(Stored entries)

◆ ◆ ◆ ◆ ◆

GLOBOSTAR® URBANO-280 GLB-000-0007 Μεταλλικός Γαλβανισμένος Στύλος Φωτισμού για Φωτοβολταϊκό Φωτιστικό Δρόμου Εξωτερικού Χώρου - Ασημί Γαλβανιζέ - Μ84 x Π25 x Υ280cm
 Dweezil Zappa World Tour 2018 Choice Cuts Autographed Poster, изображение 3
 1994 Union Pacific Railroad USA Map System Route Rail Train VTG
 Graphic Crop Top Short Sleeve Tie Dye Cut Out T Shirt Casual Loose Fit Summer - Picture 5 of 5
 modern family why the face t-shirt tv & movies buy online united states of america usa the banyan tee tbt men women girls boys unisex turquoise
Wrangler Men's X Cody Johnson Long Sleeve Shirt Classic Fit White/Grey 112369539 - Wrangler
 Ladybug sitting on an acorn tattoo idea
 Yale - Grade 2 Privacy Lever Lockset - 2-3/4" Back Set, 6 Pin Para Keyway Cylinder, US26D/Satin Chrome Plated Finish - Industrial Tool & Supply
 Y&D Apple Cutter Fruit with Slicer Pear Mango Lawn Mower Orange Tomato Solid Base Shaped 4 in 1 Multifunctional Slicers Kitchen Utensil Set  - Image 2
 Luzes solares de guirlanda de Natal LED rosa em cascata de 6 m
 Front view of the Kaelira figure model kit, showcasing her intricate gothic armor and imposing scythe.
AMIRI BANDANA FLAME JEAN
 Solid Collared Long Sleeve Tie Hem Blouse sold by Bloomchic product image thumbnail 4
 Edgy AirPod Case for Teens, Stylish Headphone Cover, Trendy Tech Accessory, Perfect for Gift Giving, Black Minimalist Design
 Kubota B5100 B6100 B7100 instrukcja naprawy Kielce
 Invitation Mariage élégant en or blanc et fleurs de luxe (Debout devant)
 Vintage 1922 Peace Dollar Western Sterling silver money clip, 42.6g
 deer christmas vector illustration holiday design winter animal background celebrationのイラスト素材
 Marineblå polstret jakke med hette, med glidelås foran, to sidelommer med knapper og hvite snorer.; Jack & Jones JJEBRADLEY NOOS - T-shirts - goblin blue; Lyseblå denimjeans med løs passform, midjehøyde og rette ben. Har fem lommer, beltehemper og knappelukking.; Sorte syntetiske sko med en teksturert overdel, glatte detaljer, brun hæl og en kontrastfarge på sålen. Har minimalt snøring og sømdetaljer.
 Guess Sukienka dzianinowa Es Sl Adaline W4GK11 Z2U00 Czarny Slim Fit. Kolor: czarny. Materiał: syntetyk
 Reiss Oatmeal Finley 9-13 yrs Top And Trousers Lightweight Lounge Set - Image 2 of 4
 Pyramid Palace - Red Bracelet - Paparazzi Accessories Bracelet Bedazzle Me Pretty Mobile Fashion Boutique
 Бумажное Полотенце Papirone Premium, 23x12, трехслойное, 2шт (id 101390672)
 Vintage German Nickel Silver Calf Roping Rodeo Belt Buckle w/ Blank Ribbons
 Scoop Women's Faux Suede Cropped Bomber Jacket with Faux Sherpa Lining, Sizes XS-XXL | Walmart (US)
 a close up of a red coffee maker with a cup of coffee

◆ ◆ ◆ ◆ ◆

-- AIM OF THE TASK --
Every line of the data must be written out again word for word.

-- ANSWER FOR THE TASK --
GLOBOSTAR® URBANO-280 GLB-000-0007 Μεταλλικός Γαλβανισμένος Στύλος Φωτισμού για Φωτοβολταϊκό Φωτιστικό Δρόμου Εξωτερικού Χώρου - Ασημί Γαλβανιζέ - Μ84 x Π25 x Υ280cm
 Dweezil Zappa World Tour 2018 Choice Cuts Autographed Poster, изображение 3
 1994 Union Pacific Railroad USA Map System Route Rail Train VTG
 Graphic Crop Top Short Sleeve Tie Dye Cut Out T Shirt Casual Loose Fit Summer - Picture 5 of 5
 modern family why the face t-shirt tv & movies buy online united states of america usa the banyan tee tbt men women girls boys unisex turquoise
Wrangler Men's X Cody Johnson Long Sleeve Shirt Classic Fit White/Grey 112369539 - Wrangler
 Ladybug sitting on an acorn tattoo idea
 Yale - Grade 2 Privacy Lever Lockset - 2-3/4" Back Set, 6 Pin Para Keyway Cylinder, US26D/Satin Chrome Plated Finish - Industrial Tool & Supply
 Y&D Apple Cutter Fruit with Slicer Pear Mango Lawn Mower Orange Tomato Solid Base Shaped 4 in 1 Multifunctional Slicers Kitchen Utensil Set  - Image 2
 Luzes solares de guirlanda de Natal LED rosa em cascata de 6 m
 Front view of the Kaelira figure model kit, showcasing her intricate gothic armor and imposing scythe.
AMIRI BANDANA FLAME JEAN
 Solid Collared Long Sleeve Tie Hem Blouse sold by Bloomchic product image thumbnail 4
 Edgy AirPod Case for Teens, Stylish Headphone Cover, Trendy Tech Accessory, Perfect for Gift Giving, Black Minimalist Design
 Kubota B5100 B6100 B7100 instrukcja naprawy Kielce
 Invitation Mariage élégant en or blanc et fleurs de luxe (Debout devant)
 Vintage 1922 Peace Dollar Western Sterling silver money clip, 42.6g
 deer christmas vector illustration holiday design winter animal background celebrationのイラスト素材
 Marineblå polstret jakke med hette, med glidelås foran, to sidelommer med knapper og hvite snorer.; Jack & Jones JJEBRADLEY NOOS - T-shirts - goblin blue; Lyseblå denimjeans med løs passform, midjehøyde og rette ben. Har fem lommer, beltehemper og knappelukking.; Sorte syntetiske sko med en teksturert overdel, glatte detaljer, brun hæl og en kontrastfarge på sålen. Har minimalt snøring og sømdetaljer.
 Guess Sukienka dzianinowa Es Sl Adaline W4GK11 Z2U00 Czarny Slim Fit. Kolor: czarny. Materiał: syntetyk
 Reiss Oatmeal Finley 9-13 yrs Top And Trousers Lightweight Lounge Set - Image 2 of 4
 Pyramid Palace - Red Bracelet - Paparazzi Accessories Bracelet Bedazzle Me Pretty Mobile Fashion Boutique
 Бумажное Полотенце Papirone Premium, 23x12, трехслойное, 2шт (id 101390672)
 Vintage German Nickel Silver Calf Roping Rodeo Belt Buckle w/ Blank Ribbons
 Scoop Women's Faux Suede Cropped Bomber Jacket with Faux Sherpa Lining, Sizes XS-XXL | Walmart (US)
 a close up of a red coffee maker with a cup of coffee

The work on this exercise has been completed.